» **EXCERPTED DATA**
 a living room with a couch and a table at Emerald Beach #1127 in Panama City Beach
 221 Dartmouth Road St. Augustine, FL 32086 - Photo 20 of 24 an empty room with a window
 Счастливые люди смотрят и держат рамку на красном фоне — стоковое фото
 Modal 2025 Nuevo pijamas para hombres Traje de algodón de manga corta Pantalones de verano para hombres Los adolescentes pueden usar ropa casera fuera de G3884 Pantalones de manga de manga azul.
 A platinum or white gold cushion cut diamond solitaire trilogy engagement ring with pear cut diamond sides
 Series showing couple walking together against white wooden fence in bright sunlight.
* * *
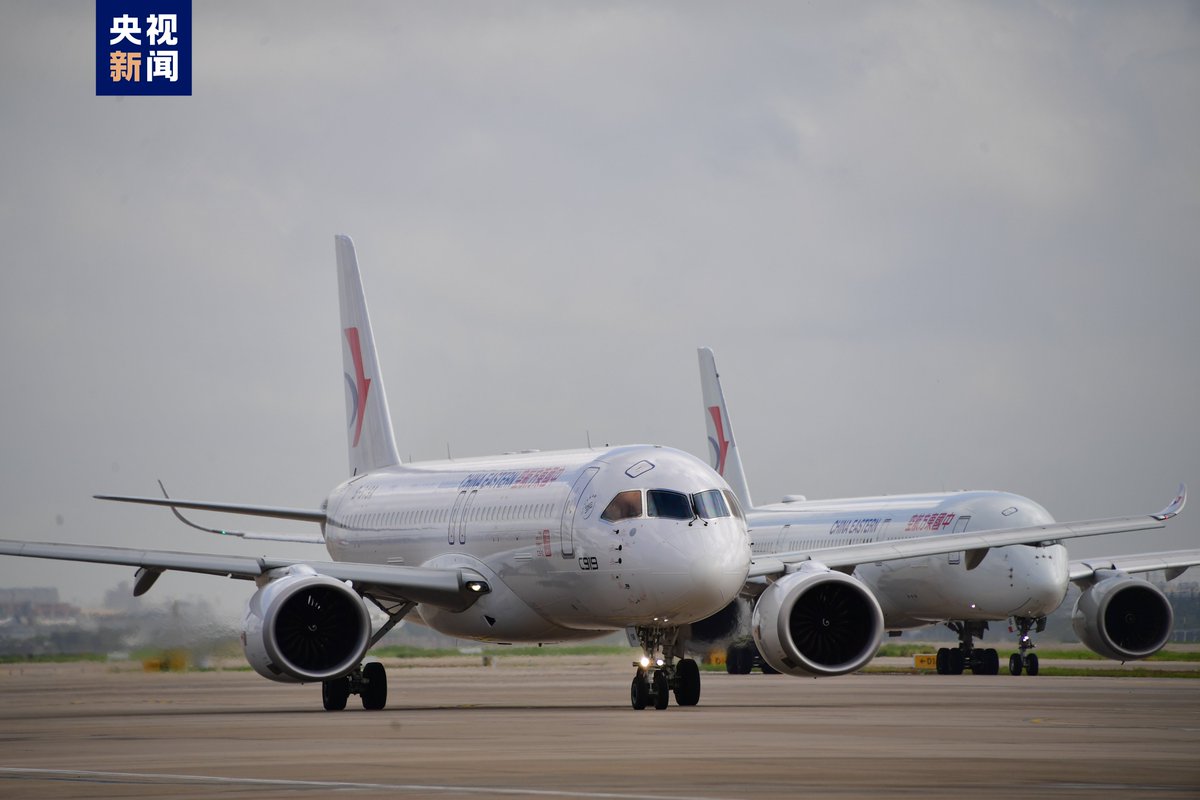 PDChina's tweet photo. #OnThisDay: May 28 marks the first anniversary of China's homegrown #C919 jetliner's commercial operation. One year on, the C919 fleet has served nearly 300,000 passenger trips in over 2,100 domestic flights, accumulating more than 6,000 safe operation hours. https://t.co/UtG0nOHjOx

» **DESCRIPTION OF THE TASK**
From the records above, print only the lines between the one holding "A platinum or" and the one holding "Series showing couple", inclusive, exactly as they stand.

» **WRITTEN RESPONSE**
 A platinum or white gold cushion cut diamond solitaire trilogy engagement ring with pear cut diamond sides
 Series showing couple walking together against white wooden fence in bright sunlight.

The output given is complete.